Amnesty International accusa Russia, Cina e Bielorussia della vendita di armi e munizioni al Sudan, dove vengono utilizzate contro la popolazione civile del Darfur.
Attraverso un documento intitolato “Sudan: nessuna fine in vista per il conflitto in Darfur”, Amnesty International accusa Russia, Cina e Bielorussia della vendita di armi - munizioni, elicotteri, aerei, missili terra-aria e veicoli blindati - al Sudan. A tal riguardo, Brian Wood, esperto di Amnesty International relativamente a questioni militari e di polizia, ha dichiarato: “Cina e Russia stanno vendendo armi al governo del Sudan pur sapendo perfettamente che molte di esse finiranno probabilmente per essere usate per commettere violazioni dei diritti umani in Darfur […] tutti i trasferimenti internazionali di armi al Sudan dovrebbero essere immediatamente sospesi e l’embargo Onu sulle armi dovrebbe essere esteso a tutto il territorio del paese”.
La prossima settimana, il Consiglio di sicurezza dibatterà sulle sanzioni attualmente vigenti nei confronti del Sudan e verranno ripresi anche i negoziati su un futuro Trattato sul commercio di armi, per impedire che gli embarghi delle Nazioni Unite continuino a essere aggirati e fare in modo che i governi si impegnino a porre fine ai trasferimenti qualora vi fosse il rischio di utilizzo delle armi per commettere o favorire gravi violazioni dei diritti umani o crimini di guerra.

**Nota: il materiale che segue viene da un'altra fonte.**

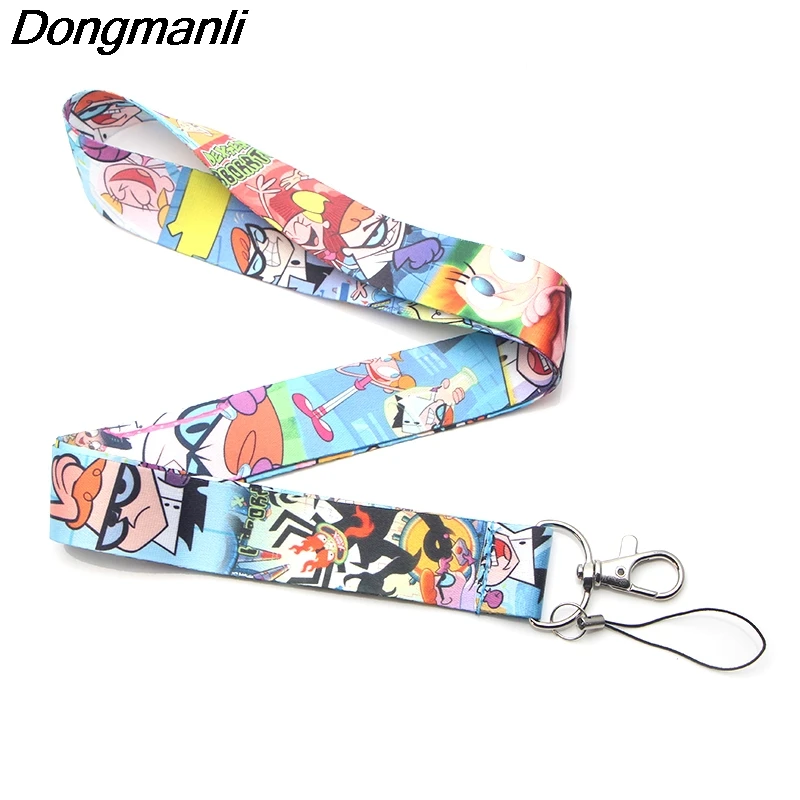 PC165 Dexter's Lab брелок Lanyards держатель удостоверения личности ID карта Пропуск Тренажерный зал мобильный телефон USB бейдж держатель ключевой ремень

Le munizioni per armi leggere prodotte in Cina sono usate in Darfur dalle Forze armate sudanesi (Fas), da altre forze di sicurezza nazionali e dalle milizie governative. Dalla Russia, tra il 2007 e il 2009, il Sudan ha ricevuto 36 nuovi elicotteri Mi-24. Amnesty International ha anche ottenuto prove dell’uso di missili terra-aria nel corso di attacchi avvenuti nel 2011, sia in Darfur sia altrove in Sudan: si tratta di missili compatibili con le dotazioni adatte agli elicotteri Mi-24 e agli aerei da attacco Su-25, che sono stati prodotti in una serie di ex repubbliche sovietiche.